- Original author: Jan Kneschke
- Release: March 2003; 23 years ago
- Stable release: 1.4.85 / 8 July 2026; 2 months ago
- Preview release: 1.4.85 (July 8, 2026; 2 months ago) [±]
- Written in: C
- Available in: English
- Type: Web server
- License: BSD-3-Clause
- Website: www.lighttpd.net
- Repository: git.lighttpd.net/lighttpd ;

= Lighttpd =

Web server

lighttpd (prescribed pronunciation: "lighty") is an open-source web server optimized for speed-critical environments. It was originally written by Jan Kneschke as a proof-of-concept of the c10k problem – how to handle 10,000 connections in parallel on one server,
but has gained worldwide popularity. Its name is a portmanteau of "light" and "httpd".

== Premise ==
The low memory footprint (compared to other web servers), small CPU load and speed optimizations make lighttpd suitable for servers that are suffering load problems, or for serving static media separately from dynamic content. lighttpd is free and open-source software and is distributed under the BSD license.
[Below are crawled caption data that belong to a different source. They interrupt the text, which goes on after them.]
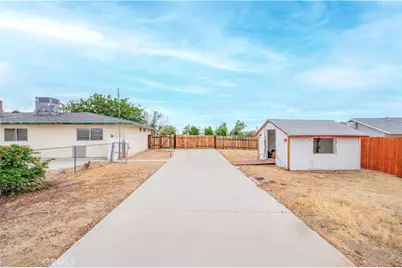 13755 Mohawk Rd, Apple Valley, CA 92307 - Photo 49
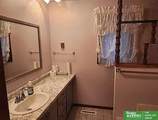 707 Beaver Avenue - Photo 30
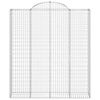 Product Thumbnail Image 4 of 6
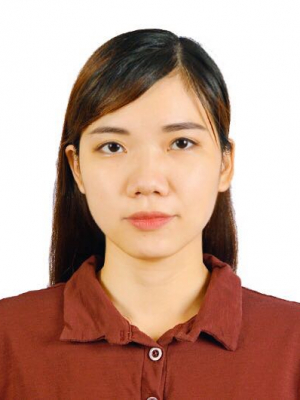 Nguyễn Thuận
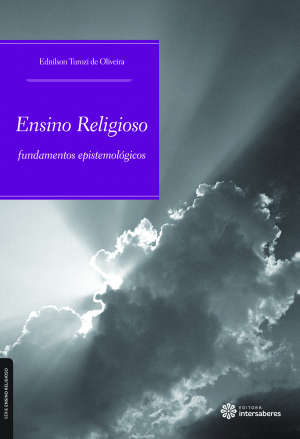 Ensino religioso fundamentos epistemológicos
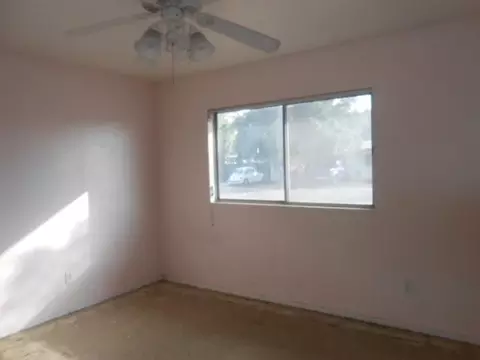 1330 E Morrison St, Yuma, AZ 85365 photo 3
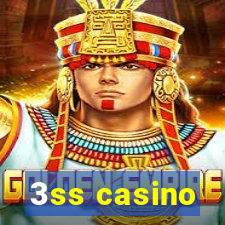 3ss casino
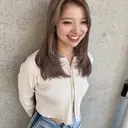 ✨艶髪✨ 奈須晴香のプロフィール画像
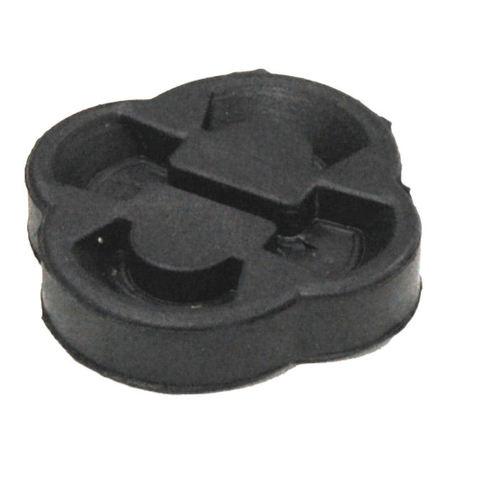Bosal 255-853 exhaust hanger/parts-rubber mounting
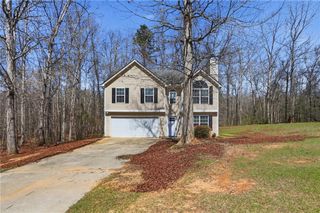 136 Ducati Drive, Mcdonough, GA 30252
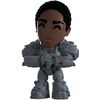 Youtooz Fallout Vinyl figurine Max 12 cm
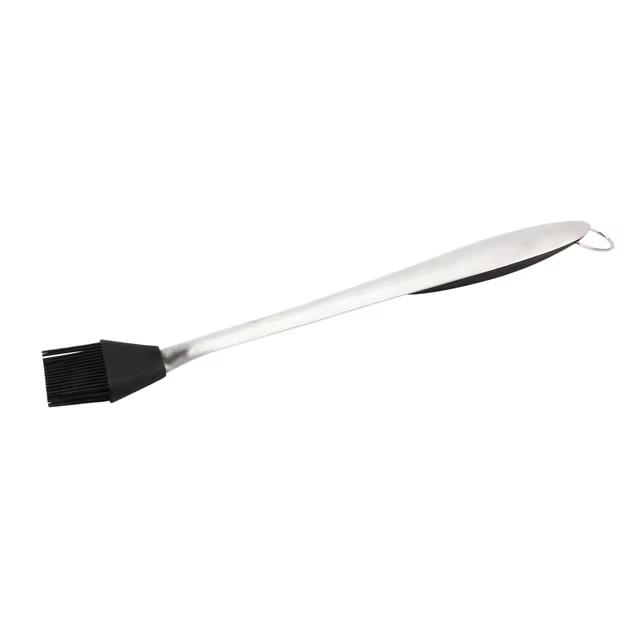 Nordic Season EGT211701 Grill Brush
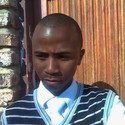 donald411 From Pretoria, Gauteng
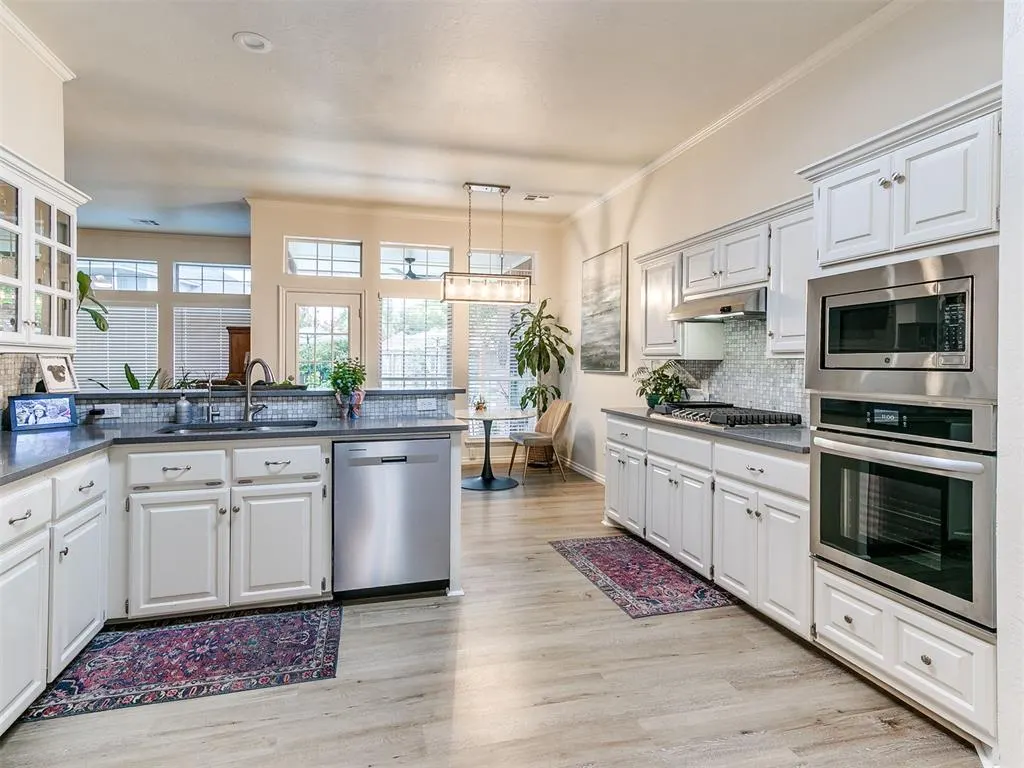 Photo 21 — 804 Fairway Drive, Norman, OK 73069
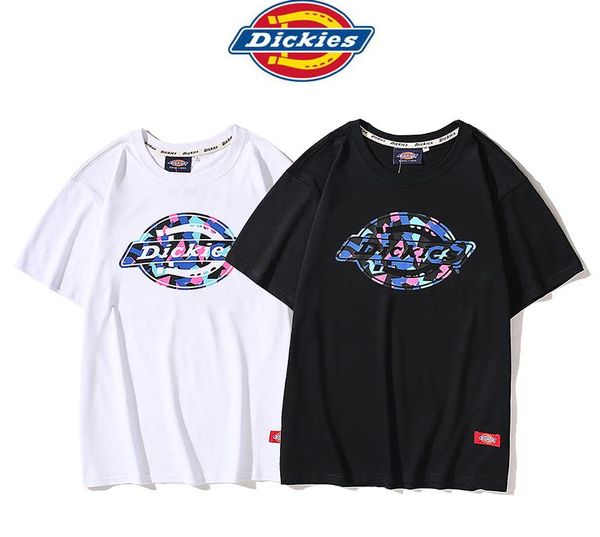 mens женщин дизайнера европ tshirt трикотажного роскошь звезда старинных каний брюки рубашка с ботинками tshirt красного воздуха упрется wil, White;black
mens женщин дизайнера европ tshirt трикотажного роскошь звезда старинных каний брюки рубашка с ботинками tshirt красного воздуха упрется wil, White;black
It runs natively on Unix-like operating systems, with experimental support for Microsoft Windows.

== Application support ==
lighttpd supports the FastCGI, SCGI and CGI interfaces to external programs, allowing web applications written in any programming language to be used with the server. As a particularly popular language, PHP performance has received special attention. lighttpd's FastCGI can be configured to support PHP with opcode caches (like APC) properly and efficiently. Additionally, it has received attention from its popularity within the Python, Perl, Ruby and Lua communities. lighttpd also supports WebDNA, the resilient in-memory database system designed to build database-driven websites. It is a popular web server for the Catalyst and Ruby on Rails web frameworks. lighttpd does not support ISAPI.

== Features ==
- Load balancing, CGI, FastCGI, SCGI, HTTP proxy, Servlet AJP, WebSocket tunnel support
- chroot support
- Web server event mechanism performance – select(), poll(), and epoll()
- Support for more efficient event notification schemes like kqueue and epoll
- Conditional URL rewriting (mod_rewrite)
- TLS/SSL with SNI support, via OpenSSL, GnuTLS, Mbed TLS, NSS, WolfSSL.
- Authentication against an LDAP or DBI server
- RRDtool statistics
- Rule-based downloading with possibility of a script handling only authentication
- Server Side Includes support (but not server-side CGI from SSI)
- Flexible virtual hosting
- Modules support
- Lua programming language scripts via mod_magnet
- WebDAV support
- HTTP compression using mod_deflate (zlib, brotli, zstd)
- Light-weight (less than 1 MB)
- Single-process design with only several threads. No processes or threads started per connection.
- HTTP/2 support since lighttpd 1.4.56
- HTTP/2 WebSocket support since lighttpd 1.4.65
- TLS Encrypted Client Hello (ECH) support since lighttpd 1.4.77

== Limitations ==
- Versions below 1.4.40 do not officially support sending large files from CGI, FastCGI, or proxies unless X-Sendfile is used. This limitation has been removed in lighttpd 1.4.40.
- No HTTP/3 support

== Usage ==
lighttpd was used in the past by several high-traffic websites, including Bloglines, xkcd, Meebo, and YouTube. The Wikimedia Foundation also once ran lighttpd servers.
Due to relatively small size it's often used in embedded devices like GL.iNet and Turris Omnia.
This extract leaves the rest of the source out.